Erzgebirge aue: chaos total! trainer entlassen, spieler gesperrt, abstieg ungewiss!

Erzgebirge Aue steckt tiefer im Abstiegskampf denn je. Das 3:5 gegen Hoffenheim II offenbarte nicht nur die desaströse Schwäche der Mannschaft, sondern löste eine regelrechte Krise aus: Sowohl Trainer Christoph Dabrowski als auch Sport-Geschäftsführer Michael Tarnat müssen gehen. Und das ist noch nicht alles.

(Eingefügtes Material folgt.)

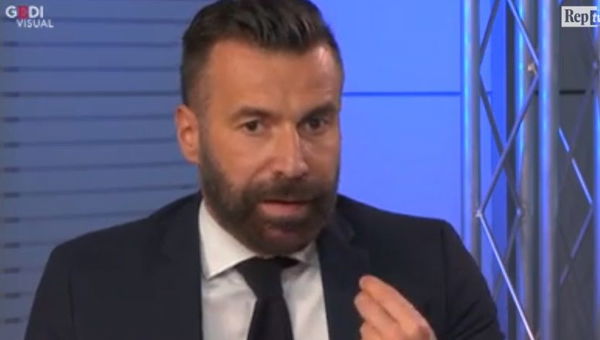 La legge Zan estende il testo anche alla disabilità ma si continua a fare opposizione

Jamilu collins fehlt für zwei spiele – ein schwerer schlag

Der bereits angeschlagene Verein verlor im Karsamstag-Debakel gegen Hoffenheim II auch noch Jamilu Collins. Der Nigerianer sah in der 18. Minute die rote Karte, nachdem er einen Hoffenheimer Angriff durch einen Foul an Yannick Eduardo unterbinden musste. Schiedsrichter Yannick Sager ließ ihm keine Wahl. Ein katastrophaler Moment für Aue, der nun die Konsequenzen hat: Das DFB-Sportgericht sperrte Collins für zwei Spiele. Die fehlende Sicherheit des Verteidigers ist ein bitterer Verlust, besonders angesichts der brisanten englischen Woche.

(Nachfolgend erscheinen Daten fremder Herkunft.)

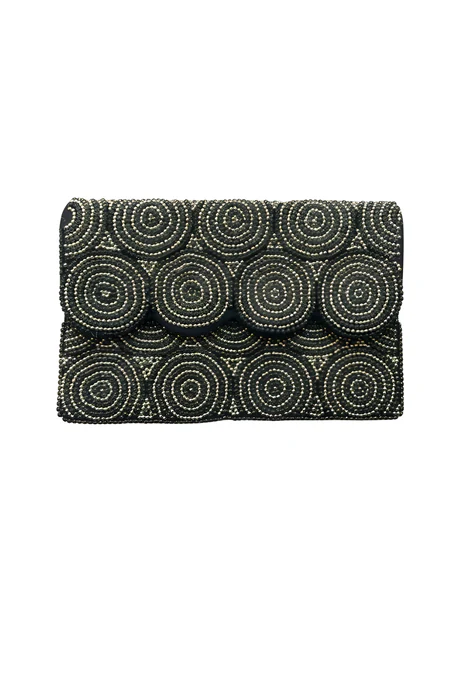 Sobre La Chic Silver - Alquiler de vestido para Carteras en Bogotá - Click2Dress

Collins, der bereits beim letzten Spieltag aufgrund einer Gelbstrafe fehlte, wird nun auch am Dienstag beim Auswärtsspiel in Regensburg (19 Uhr) und am Sonntag gegen Verl (16.30 Uhr) nicht dabei sein können. Diese Ausfälle treffen die Auer in einer Phase, in der jeder Punkt zählt. Die Abwehr von Erzgebirge Aue, mit 59 Gegentoren die viertschlechteste der 3. Liga, benötigt Verstärkung – und Collins gehört zweifellos zu den wichtigen Säulen.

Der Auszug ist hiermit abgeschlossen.